(About this task):
From the material below, copy exactly the lines beginning with the one that contains "Cinderella in a" and ending with the one that contains "Jesolice Herren Kurzarm"; the pictures stay out.

Top of Supplied information

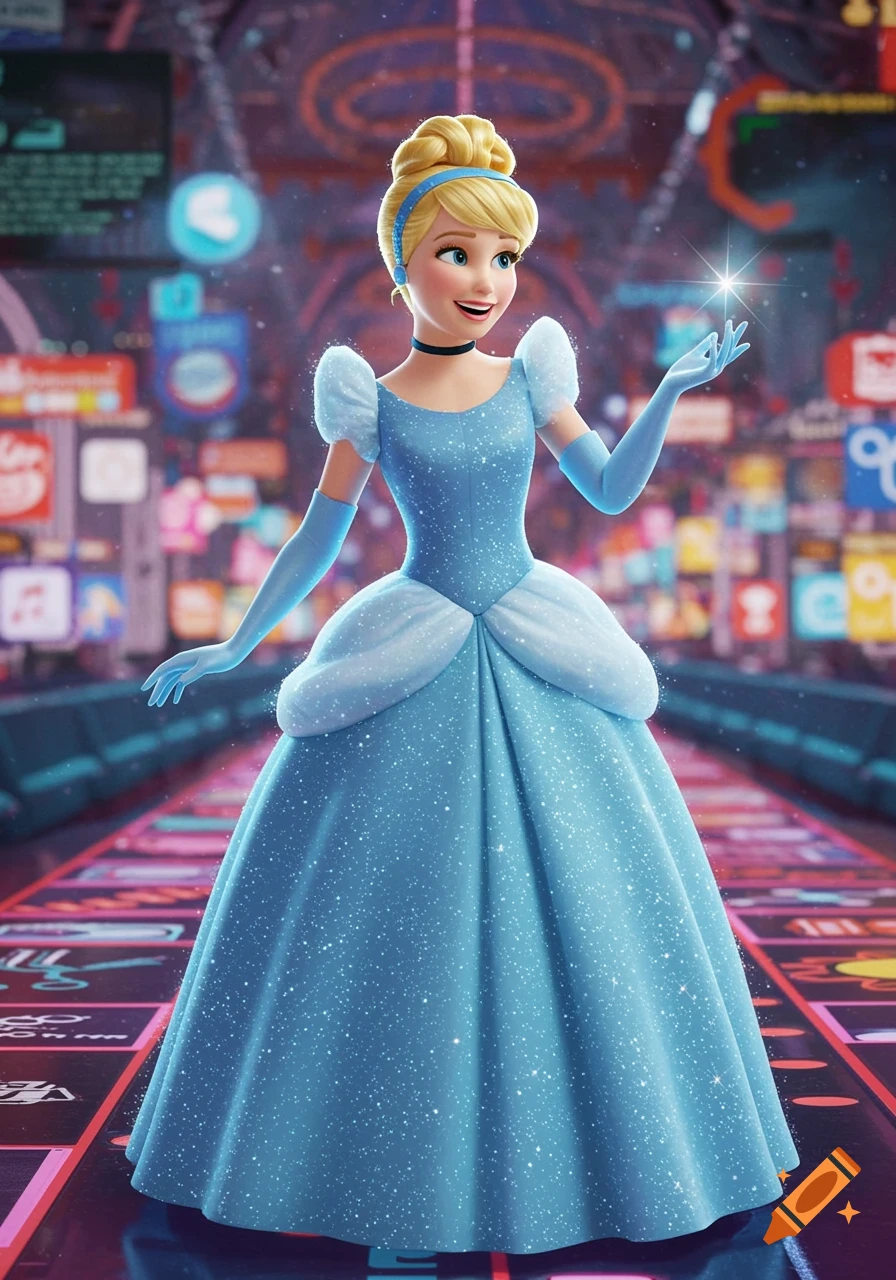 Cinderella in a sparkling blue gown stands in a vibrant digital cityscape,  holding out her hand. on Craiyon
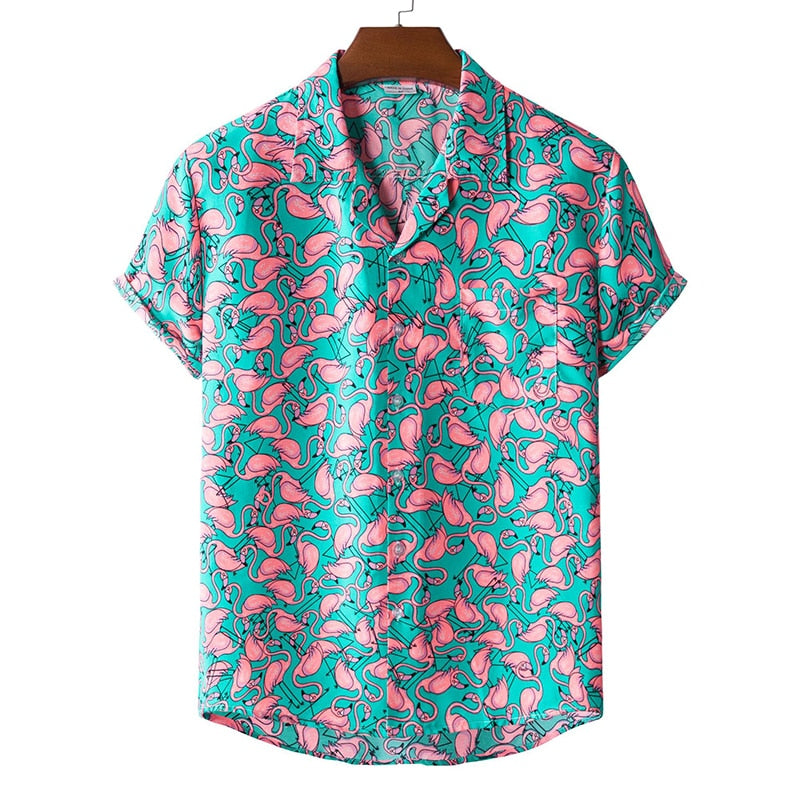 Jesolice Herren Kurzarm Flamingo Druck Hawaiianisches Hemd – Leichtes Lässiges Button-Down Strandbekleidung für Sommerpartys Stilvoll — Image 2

Bottom of Supplied information
Top of Supplied information

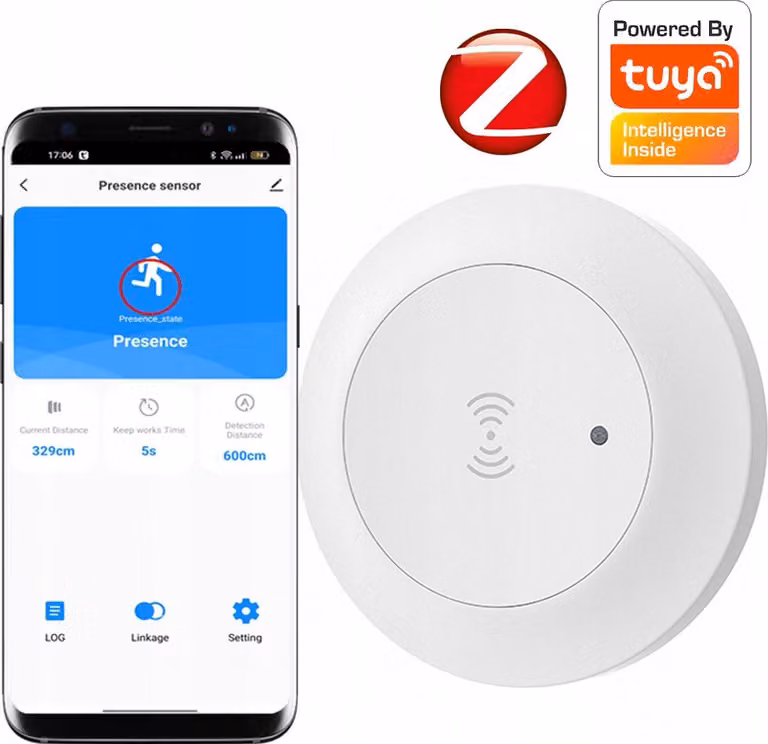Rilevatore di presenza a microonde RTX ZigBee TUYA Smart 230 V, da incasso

Bottom of Supplied information
Top of Supplied information

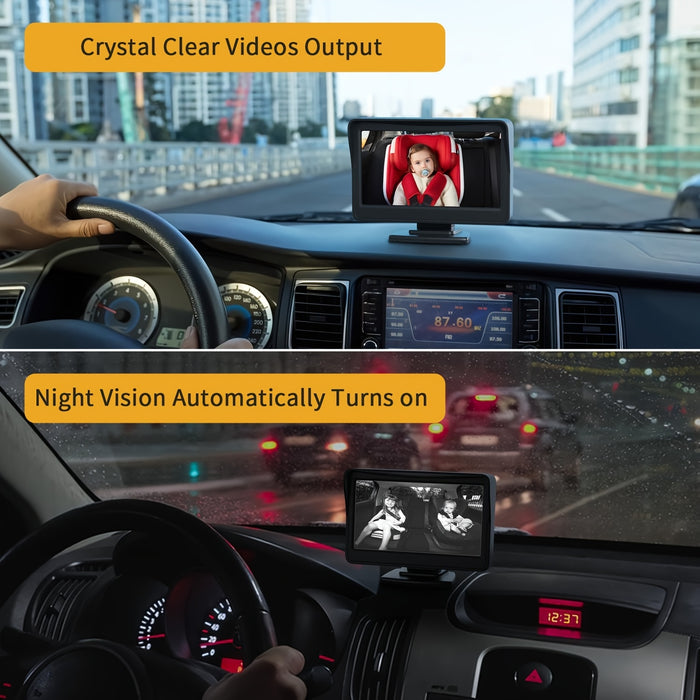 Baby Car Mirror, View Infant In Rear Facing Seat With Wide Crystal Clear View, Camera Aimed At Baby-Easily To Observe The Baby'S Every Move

Bottom of Supplied information

(Answer box):
 Cinderella in a sparkling blue gown stands in a vibrant digital cityscape,  holding out her hand. on Craiyon
 Jesolice Herren Kurzarm Flamingo Druck Hawaiianisches Hemd – Leichtes Lässiges Button-Down Strandbekleidung für Sommerpartys Stilvoll — Image 2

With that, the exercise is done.